__THE RECORDS__
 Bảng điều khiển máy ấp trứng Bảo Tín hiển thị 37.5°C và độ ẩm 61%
--
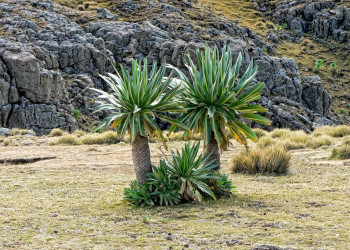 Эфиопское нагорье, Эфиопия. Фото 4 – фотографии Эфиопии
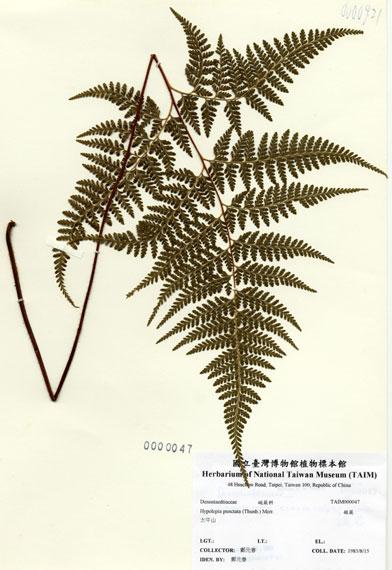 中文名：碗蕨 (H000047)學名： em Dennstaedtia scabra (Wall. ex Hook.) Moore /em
==
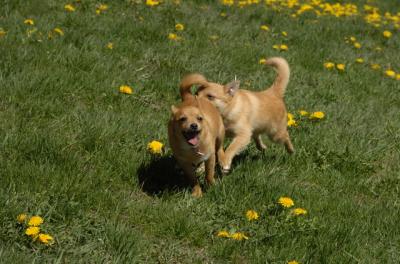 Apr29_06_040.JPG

__ASSIGNMENT__
The answer should consist only of the lines above from the one with "Эфиопское нагорье, Эфиопия." through the one with "中文名：碗蕨 (H000047)學名： em", repeated exactly, with no pictures among them.

__OUTPUT__
 Эфиопское нагорье, Эфиопия. Фото 4 – фотографии Эфиопии
 中文名：碗蕨 (H000047)學名： em Dennstaedtia scabra (Wall. ex Hook.) Moore /em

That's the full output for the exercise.